He was a true human personality, freely acting, freely choosing not
to yield in that terrible storm. But behind his freedom was the
higher freedom of the Will of God, saving him from himself that he
might be free to confess and suffer. To our mind, no part of the
Epistle more clearly than this passage affirms this individual
aspect
of the great mystery. Ah, it is a mystery indeed; we have owned this
at every step. And it is never for a moment to be treated therefore
as if we knew all about it. And it is never therefore to be used to
confuse the believer’s thought about other sides of truth. But it is
there, as a truth among truths; to be received with abasement by the
creature before the Creator, and with humble hope by the simple
believer. He goes on with his argument, taking up the thread broken by the
"footnote" upon grace and works: What therefore? What Israel, the
nation, the character, seeks after, righteousness in the court of
God, this it lighted not upon as one who seeks a buried treasure in
the wrong field "lights not upon" it; but the election, the chosen
ones, the "seven thousand" of the Gospel era, did light upon it.
But the rest were hardened, (not as if God had created their
hardness, or injected it; but He gave it to be its own penalty;) as
it stands written, {Isa 29:10, and De 29:4} "God
gave them a spirit of slumber, eyes not to see, and ears not to
hear,
even to this day." A persistent ("unto this day") unbelief was the
sin of Israel in the Prophet’s times, and it was the same in those
of
the Apostles. And the condition was the same; God "gave" sin to be
its own way of retribution. And David says, {Ps 69:22} in a
Psalm full of Messiah, and of the awful retribution justly ordained
to come on His impenitent enemies, "Let their table turn into a
trap, and into toils, and into a stumbling block; and into a
requital
to them; darkened be their eyes, not to see, and their back ever bow
Thou together." The words are awful, in their connection here, and in themselves,
and
as a specimen of a class. Their purpose here is to enforce the
thought that there is such a thing as positive divine action in the
self-ruin of the impenitent; a fiat from the throne which "gives" a
coma to the soul, and beclouds its eyes, and turns its blessings
into
a curse. Not one word implies the thought that He who so acts meets
a
soul tending upward and turns it downward; that He ignores or
rejects
even the faintest inquiry after Himself; that He is Author of one
particle of the sin of man. But we do learn that the adversaries of
God and Christ may be, and, where the Eternal so sees it good, are,
sentenced to go their own way, even to its issues in
destruction.
The context of every citation here, as it stands in the Old
Testament, shows abundantly that those so sentenced are no helpless
victims of an adverse fate, but sinners of their own will, in a
sense
most definite and personal. Only, a sentence of judgment is
concerned
also in the case; "Fill ye up then the measure". {Mt 13:32} But then also in themselves and, as a specimen of a class, the words
are a dark shadow in the Scripture sky. It is only by the way that
we
can note this here, but it must not be quite omitted in our study.

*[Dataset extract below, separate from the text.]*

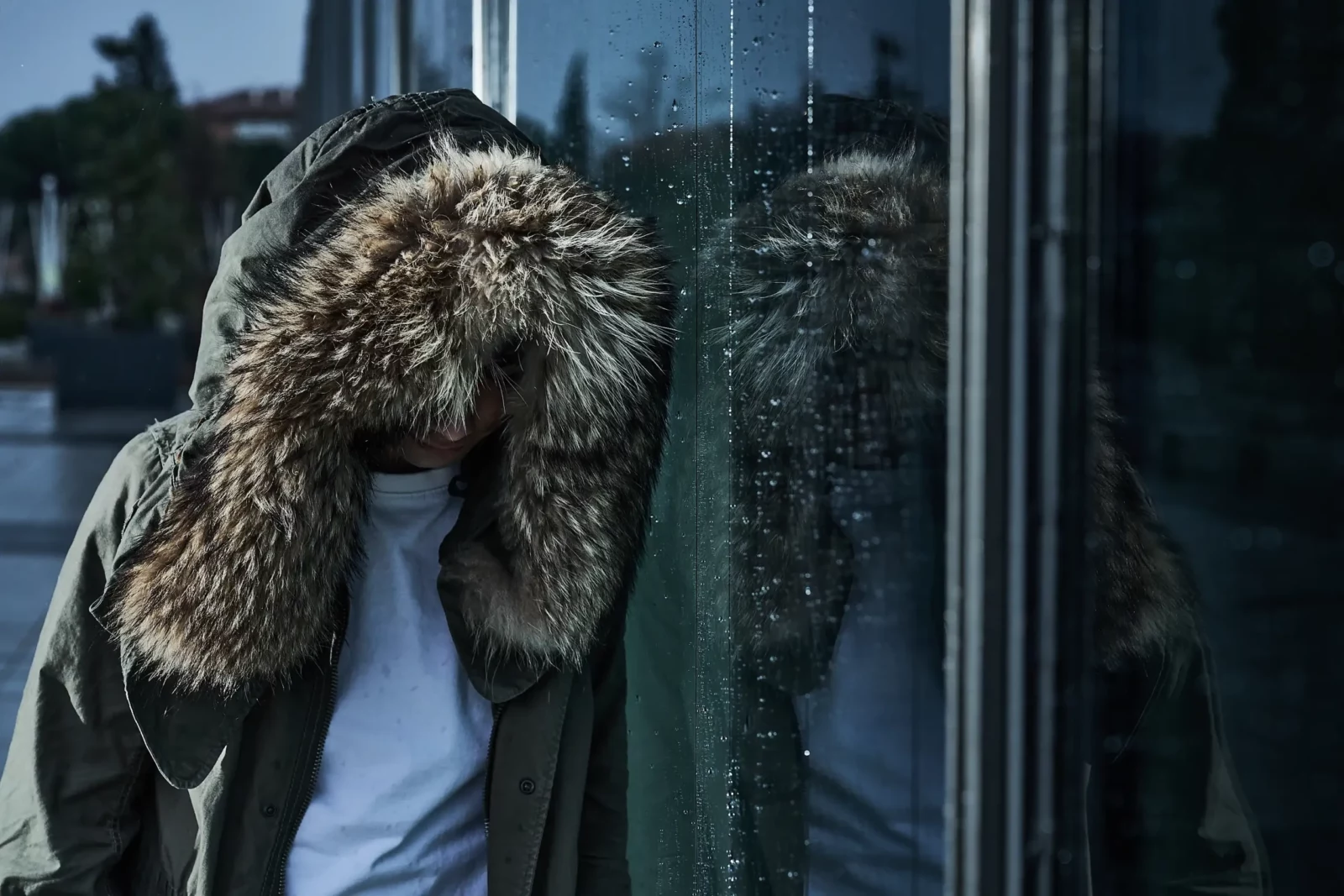 Model wearing a shaggy fur-trimmed hood standing next to reflective glass with an urban reflection.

This sixty-ninth Psalm is a leading instance of the several Psalms
where the Prophet appears calling for the sternest retribution on
his
enemies. What thoughtful heart has not felt the painful mystery so
presented? Read in the hush of secret devotion, or sung perhaps to
some majestic chant beneath the minster roof, they still tend to
affront the soul with the question, Can this possibly be after the
mind of Christ? And there rises before us the form of One who is in
the act of Crucifixion, and who just then articulates the prayer,
"Father, forgive them; for they know not what they do." Can these
"imprecations" have His sanction? Can He pass them, endorse them,
as His Word? The question is full of pressing pain. And no answer can be given,
surely, which shall relieve all that pain; certainly nothing which
shall turn the clouds of such passages into rays of the sun. They
are clouds; but let us be sure that they belong to the cloud
land
which gathers round the Throne, and which only conceals, not
wrecks, its luminous and immovable righteousness and love. Let us
remark, for one point, that this same dark Psalm is, by the witness
of the Apostles, as taught by their Master, a Psalm full of Messiah.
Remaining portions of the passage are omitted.